A fragmentação dos actores reproduz a fragmentação dos objectos. A divisão do trabalho em tarefas parciais faz
de cada actor um executante de um papel. Estes seres executantes são facilmente substituíveis e intercambiáveis,
porque há sempre uma distância relativa entre eles, que os assenta num posto dessa complexa rede de tarefas,
onde nada é identificável. Não existe intervalo suficientemente largo para cada um ser capaz de desenvolver uma
zona clara de autoria relativamente ao resultado final da operação, uma vez que cada actor é um executante para
uma ordem indiscutível e um emissor para outra organização indecidível. Esta conjugação de factores não
permite o aparecimento de seres completos, capazes de assumir as responsabilidades do que fazem, produzindo,
assim, objectos sem endereço e resultados abstractos nos contornos morais que se lhes poderia atribuir se fossem
questionados por verdadeiros sujeitos éticos. Prospera um magma de neutralidades éticas e morais, um conjunto
anódino de actos que sobrevivem na divisão vertical e horizontal do conjunto de operações que se fazem sempre
em encargos parciais. O seu resultado é este grupo imenso de gente inconsequente, estas pessoas que se movem
no interior das organizações onde actuam e compactuam, e que não podem lidar com os problemas da vida e da
existência como se fossem seres humanos, porque só conseguem apreender o mundo que as rodeia de acordo das
suas fragmentações e facetas, traços de duvidoso sentir humano, só estatisticamente representáveis.

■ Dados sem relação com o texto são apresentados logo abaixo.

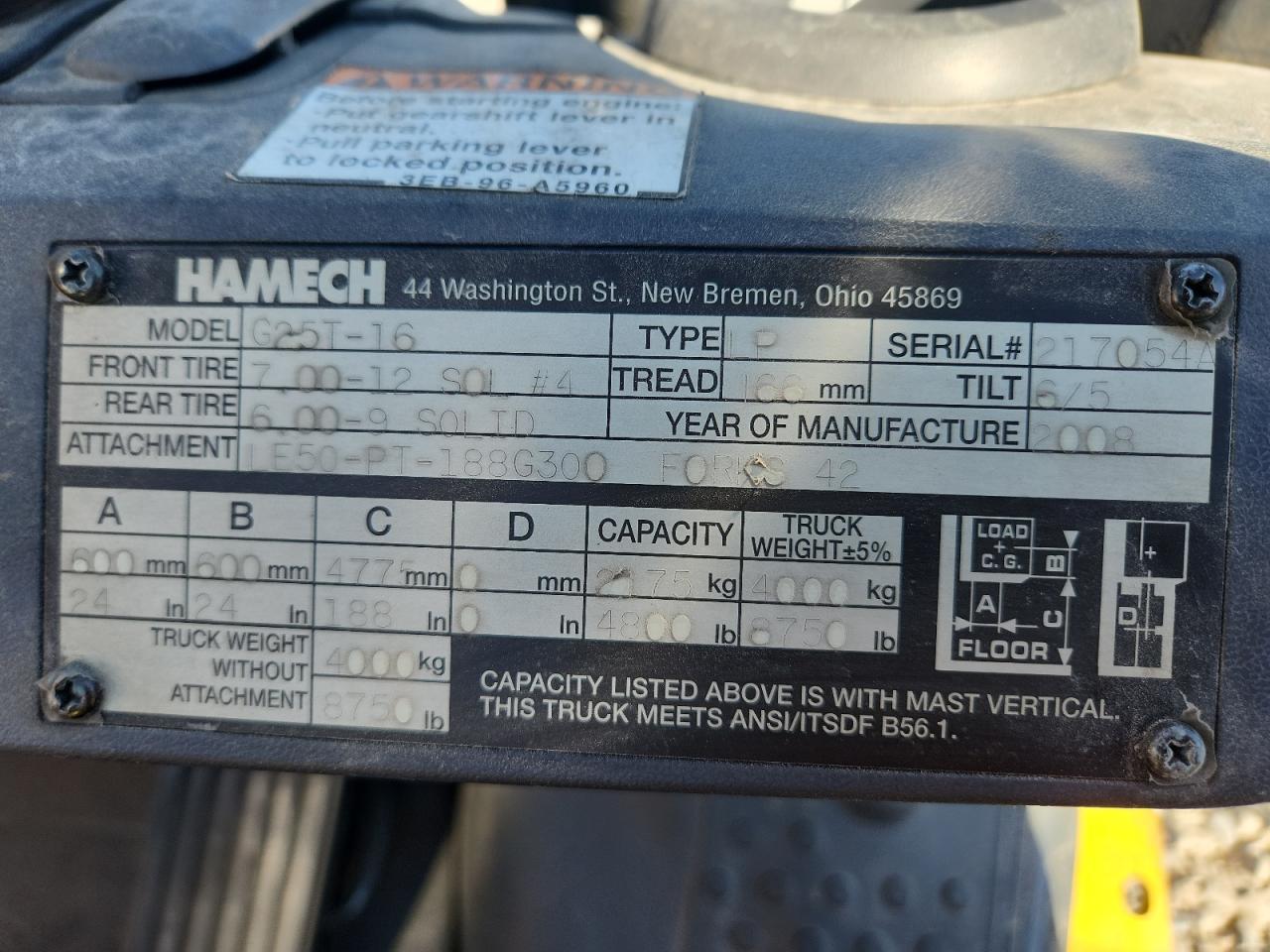 2006 Unknown 2006 Hamech G25T-16 Forklift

A menoridade global expande-se em todas as organizações contemporâneas que extraem a sua força da quietude
dos seus elementos, da incapacidade de agir criticamente sobre eles, recriando um governo de ninguém, exposto
na diluição de responsabilidades. Todos desejam ficar livres das limitações impostas pelos sentimentos éticos,
transformando em balda carnavalesca a fantástica possibilidade dos homens e das mulheres cometerem actos
inumanos sem se sentirem minimamente inumanos; Hannah Arendt concluiu, antes de todos, que «a antiga
bestialidade espontânea dá lugar a uma destruição absolutamente fria e sistemática de corpos humanos». (2)


(1) John Law, Organizing Modernity, Blackwell Publishing, Oxford , 1994.
(2) Hannah Arendt, Origens do Totalitarismo, D. Quixote, Lisboa, 2007.

Hannah Arendt, As Origens do Totalitarismo, D. Quixote, Lisboa, 2007;
Hannah Arendt, Reponsabilidade e Juízo, D. Quixote, Lisboa, 2007.